Il garde néanmoins une passion pour le sport, et un an plus tard, il demande une autorisation d’absence à l’université, afin de pouvoir participer aux Jeux d’Athènes. Il essuie néanmoins un refus et décide d’abandonner ses études et de s’embarquer avec la plupart des autres athlètes américains pour Athènes, à bord du Barbarossa, un cargo allemand. À l’époque, ses talents de sprinter le hissent en bonne place parmi les favoris. Toutefois, après avoir débarqué à Naples, il va se faire voler son portefeuille.
La police locale lui demande de rester et de porter plainte contre son voleur. « Ils me retenaient pratiquement par le bras pour que je reste », confiera-t-il plus tard. Mais Connolly est déterminé à aller à Athènes. Laissant tout tomber, il court pour attraper le train pour Brindisi qui était déjà en train de quitter la gare et plonge carrément. « Trois bons copains m’ont agrippé afin que je ne tombe pas à la renverse, et ils m’ont hissé dans le compartiment par la fenêtre, explique-t-il. Je ne le savais pas encore, mais si j’avais raté ce train, je n’aurais pas pu arriver à Athènes à temps pour participer aux épreuves des Jeux que j’avais choisies. »
Le triple saut – ou « hop, step, jump » (un saut à cloche-pied, une enjambée et un saut) comme on l’appelait à l’époque – est la première finale au programme du premier jour d’athlétisme. Connolly, âgé de 27 ans, surclasse tous ses adversaires avec un triple bond à 13,71 m, soit plus d’un mètre plus loin que son plus proche rival. Il devient ainsi le premier champion olympique sacré depuis 385 av. JC. Connolly saute en dernier et lorsque vient son tour, il fait quelques pas le long de la fosse de réception, enlève sa casquette et la jette sur le sable, près d’un mètre après la meilleure marque. Le public n’en revient pas et le regarde attentivement souffler dans ses mains (les journaux du lendemain raconteront qu’il a prononcé une prière), puis essuyer son flottant avant son essai. Il s’élance alors au bout du sautoir, puis effectue les deux premières foulées de son mouvement avant de retomber au-delà de la casquette. Les spectateurs se lèvent alors d’un bond en criant : « C’est un miracle ! »
Dans la foulée, Connolly finira deuxième du saut en hauteur avec un saut à 1,65 m qui lui permet de terminer ex aequo avec son compatriote Robert Garrett, derrière leur coéquipier américain Ellery Clark. Il prendra également la troisième place du saut en longueur (5,84 m), à nouveau derrière Clark.

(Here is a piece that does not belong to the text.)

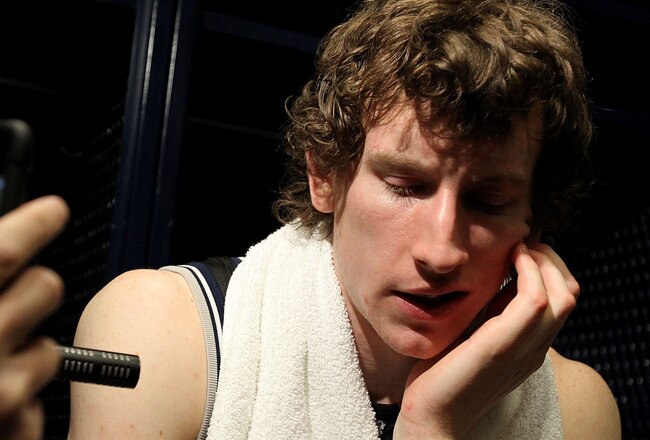HOUSTON, TX - APRIL 04:  Matt Howard #54 of the Butler Bulldogs talks to the media after losing to the Connecticut Huskies in the National Championship Game of the 2011 NCAA Division I Men's Basketball Tournament at Reliant Stadium on April 4, 2011 in Houston, Texas.  (Photo by Ronald Martinez/Getty Images)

Après avoir servi dans les rangs du 9e régiment d’infanterie du Massachusetts lors du siège de Santiago en 1898, Connolly reviendra sur la scène olympique deux ans plus tard, lors de la deuxième édition des Jeux à Paris. Malgré une performance meilleure qu’à Athènes, il perdra son titre du triple saut au bénéfice de son partenaire Meyer Prinstein.
Il sera également présent aux Jeux de 1904 à St Louis, mais cette fois en tant qu’envoyé spécial du Boston Globe. Il fera ensuite autorité dans le domaine maritime, passant plusieurs années en mer, et publiera plus de 200 nouvelles et 25 romans.
Il mourra à New York à l’âge de 88 ans.